Extracorporeal circulation

Although technically more demanding, extracorporeal circulation is the most effective hemodynamic intervention for cardiac resuscitation available at present. However, it requires even more skill and greater complexity of instrumentation than balloon occlusion. Both arterial and venous cannulas are required, typically by percutaneous or surgical cannulation of the femoral artery and vein with an extracorporeal circuit from the patient to the membrane oxygenator and back to the patient using a centrifugal pump.

Extracorporeal circulation allows successful restoration of spontaneous circulation after 15 to 20 min of untreated cardiac arrest. Coronary perfusion pressure is almost immediately restored to normal levels. If applied sufficiently rapidly to victims who fail conventional methods, there may be an impressive improvement in outcome. The technique is confined to patients who sustain in-hospital cardiac arrest, particularly in operating room environments.

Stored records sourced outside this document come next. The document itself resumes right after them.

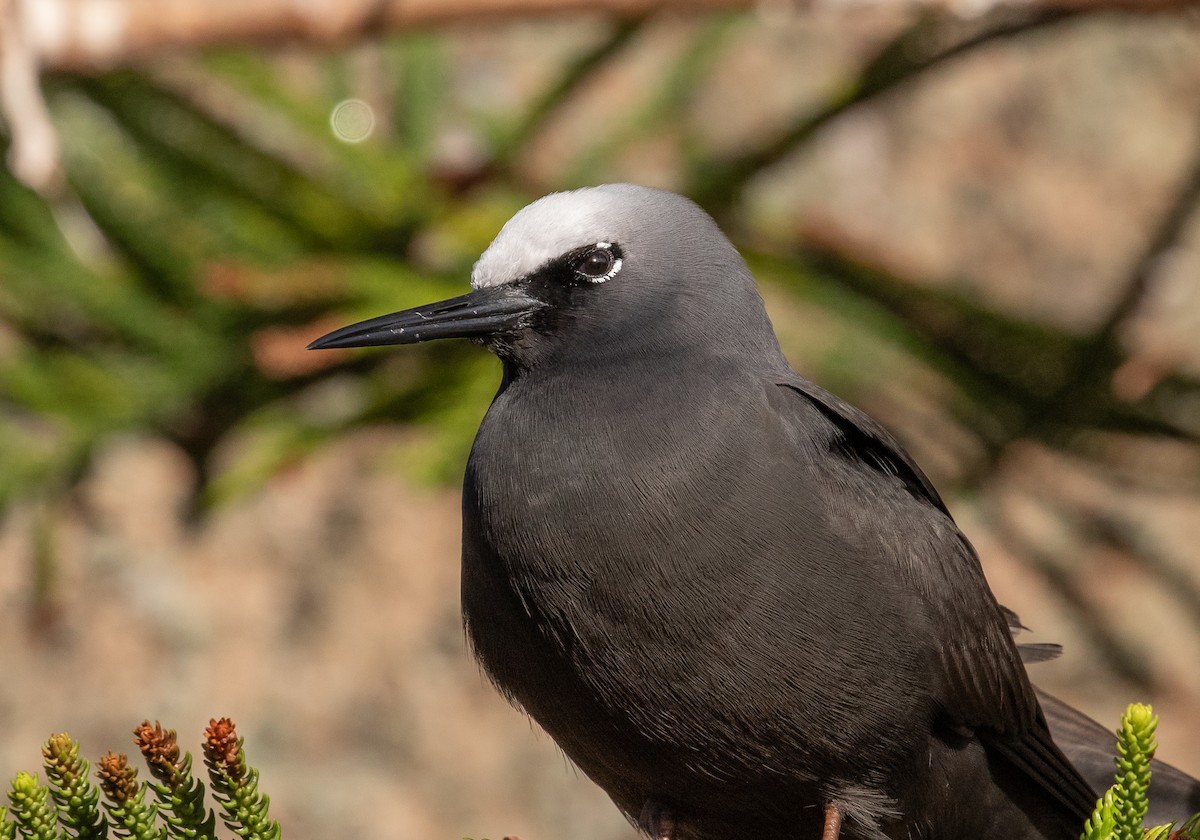 ヒメクロアジサシ - ML644355515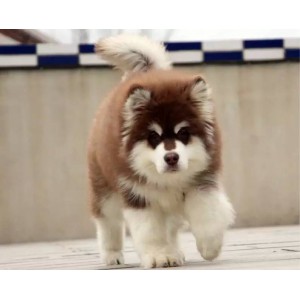 金昌哪里出售的阿拉斯加好白色阿拉斯加多少钱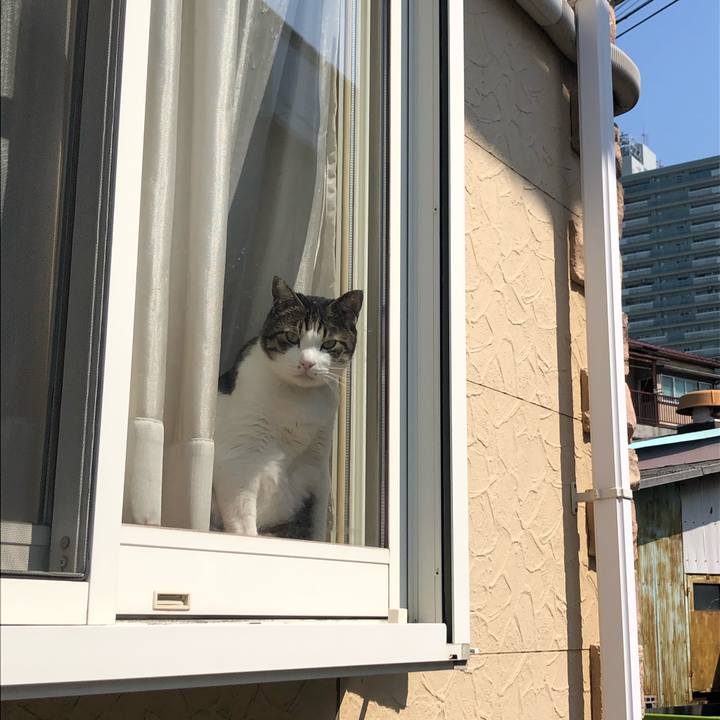 5135b5ce 86f1 4b4f 86d5 97e4c972b5ce 1584631307368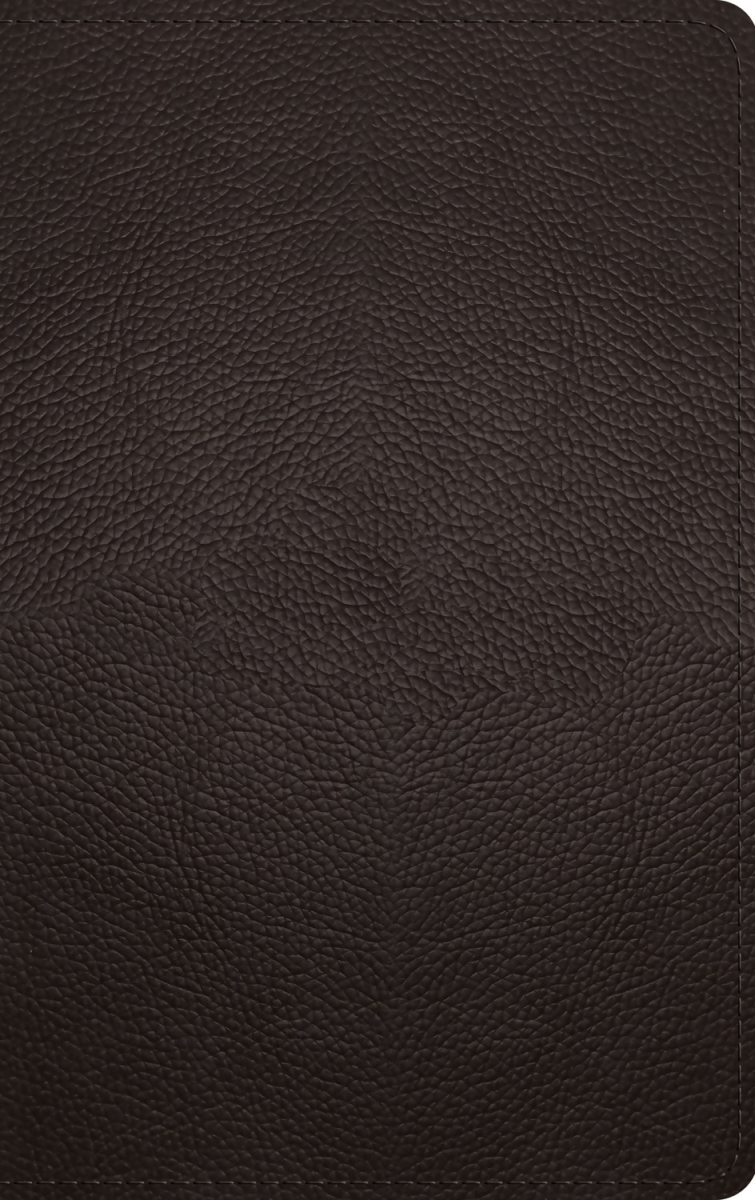 471168 ESV Thinline Bible - Rl - Deep Brown Buffalo Leather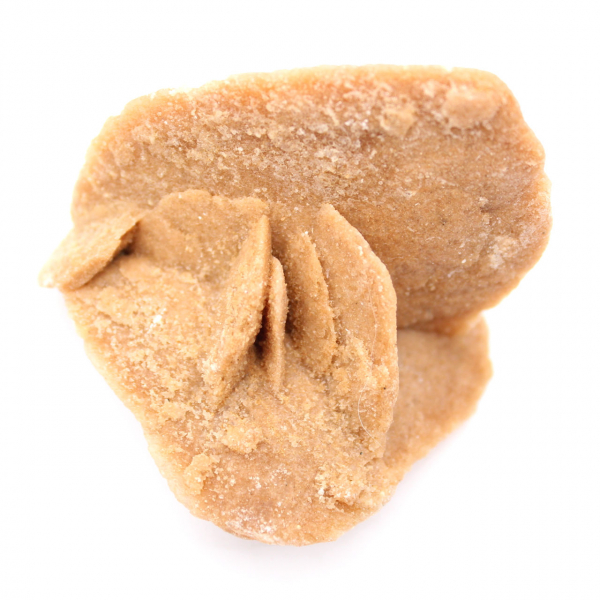 Woestijnroos van Marokko: de delicate gipskristallen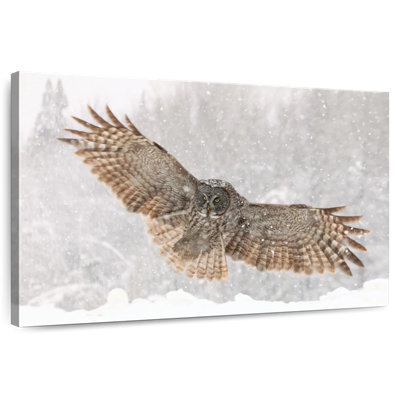 Brampt Blizzard Owl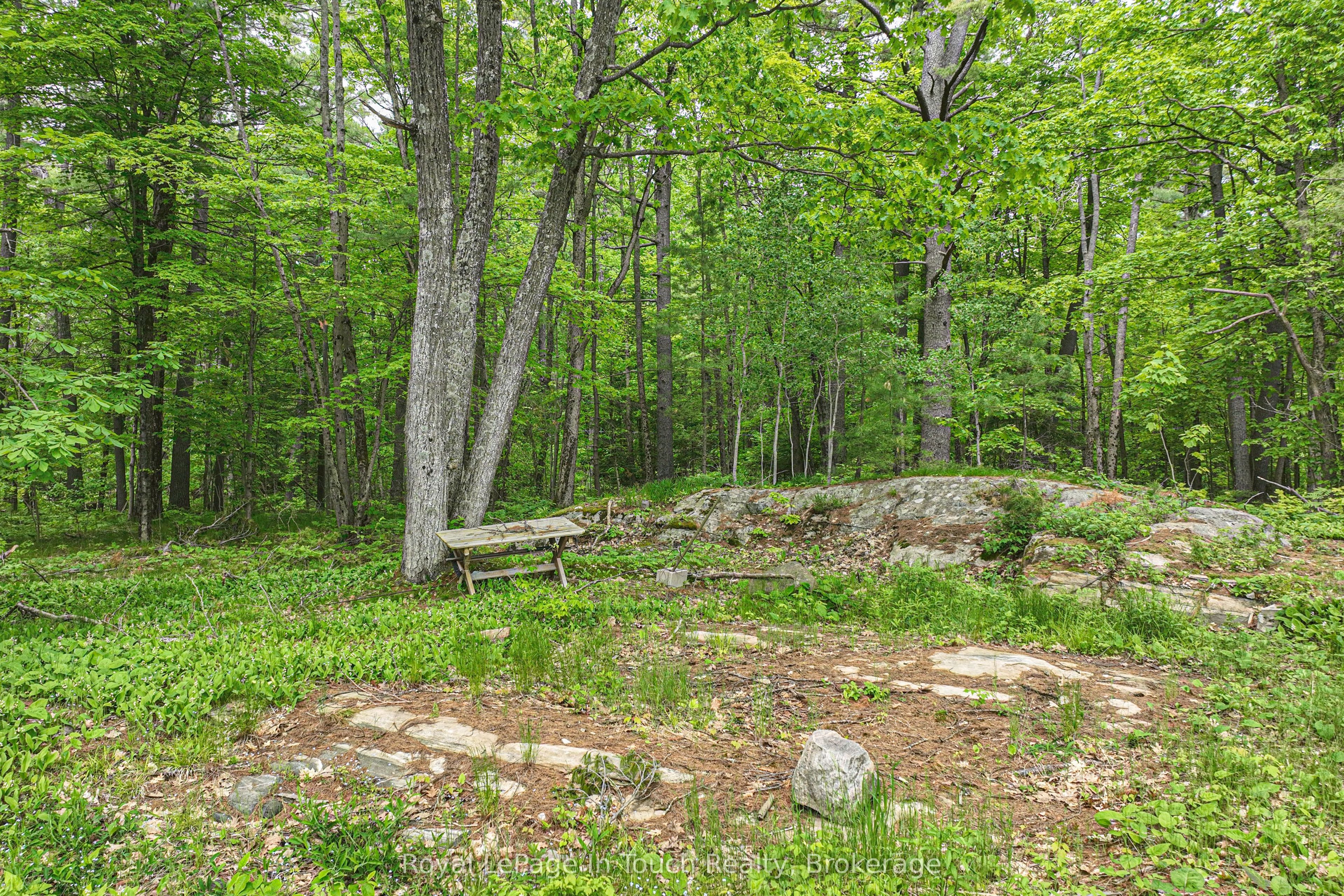 19 Sr404 Severn River Shore N/a Property Photo 4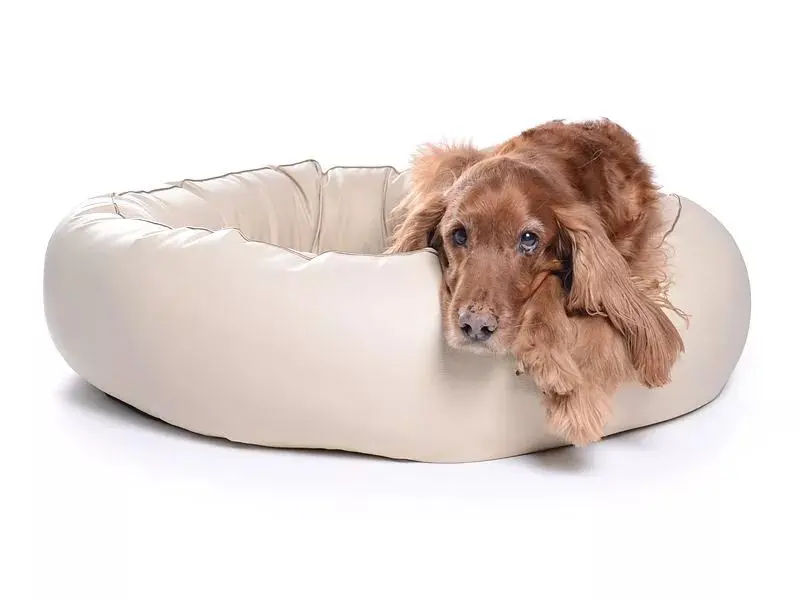 Hundebett K-Nax Kunstleder von www.pads4dogs.net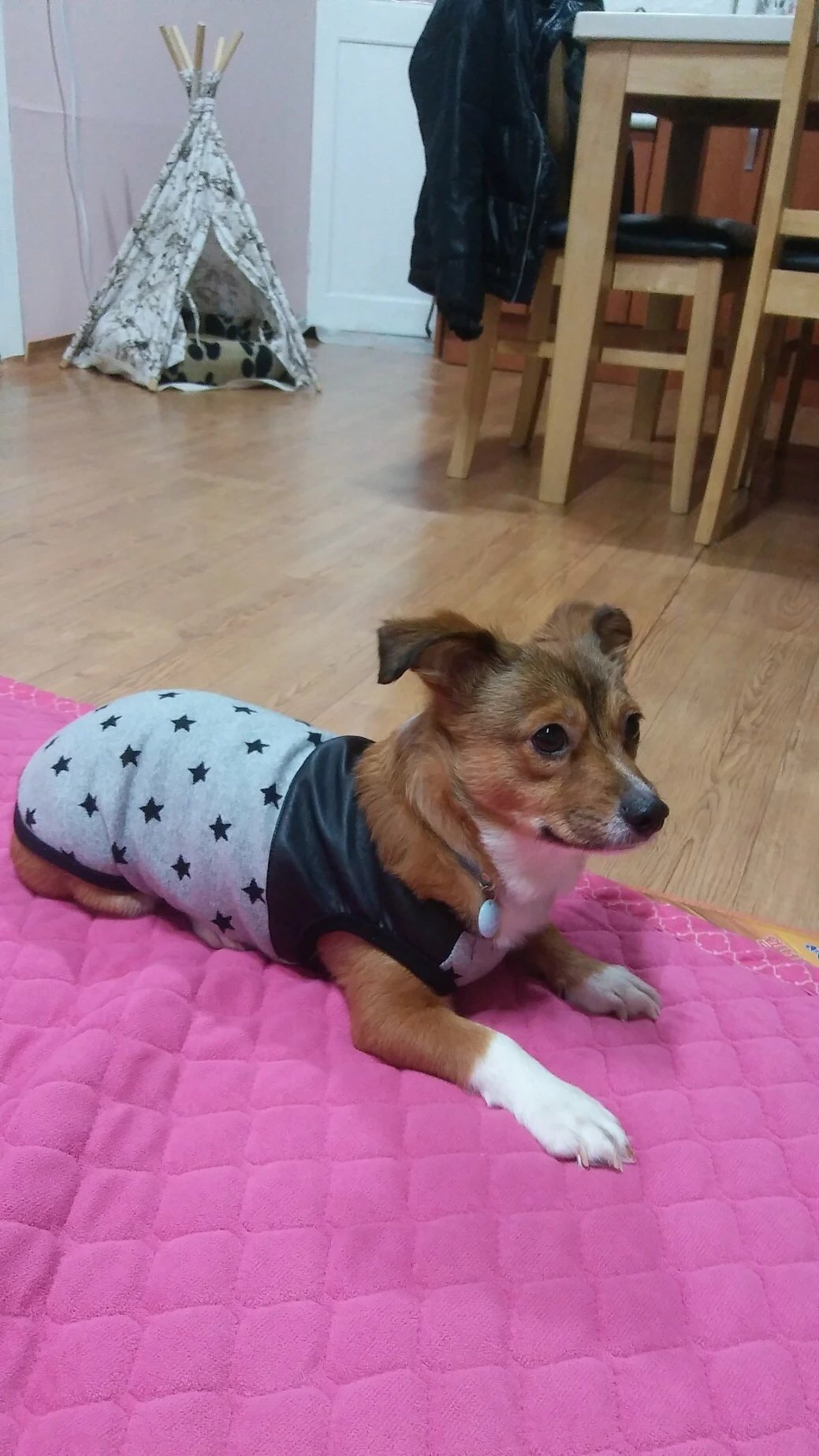 사랑이 (팝콘) 입양 1년6개월째 3번째 후기!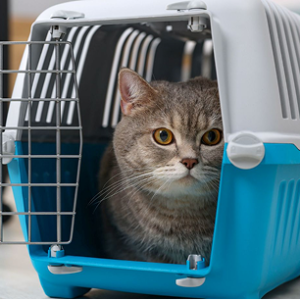 Cat Carrier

Complications include bleeding and vascular injury from cannulation. Open-chest cardiac massage

Open-chest cardiac massage was first employed more than 120 years ago, and was the primary intervention after in-hospital cardiac arrest during the 1940s and 1950s. In the 1960s, however, non-invasive external precordial compression came into predominant use. Open-chest cardiac massage is now utilized only in settings of cardiac arrest caused by penetrating chest trauma, cardiac arrest after thoracotomy, or in victims who have major bony deformities of the chest that preclude successful chest compression.

An anterolateral thoracotomy is performed through the fourth or fifth intercostal space. After the chest is opened, the rescuer's open right hand, with the palm facing anteriorly, is advanced posteriorly behind the left ventricle. The palm of the hand compresses the heart against the posterior sternal surface at a frequency of 60/min. When compression is released the heart fills passively.

Open-chest cardiac massage is unequivocally more effective than external chest compression for increasing cardiac output, coronary perfusion, initial resuscitability, and survival. In fact, the aorta distal to the left subclavian can be cross-clamped to provide increased coronary and cerebral perfusion. However, complications from this procedure are significantly greater than those associated with external precordial compression. Traumatic injury to the heart, lungs, and surrounding tissues can occur. Thus, except in cases of penetrating torso trauma, no improvement in outcome has been demonstrated with open-chest cardiac massage.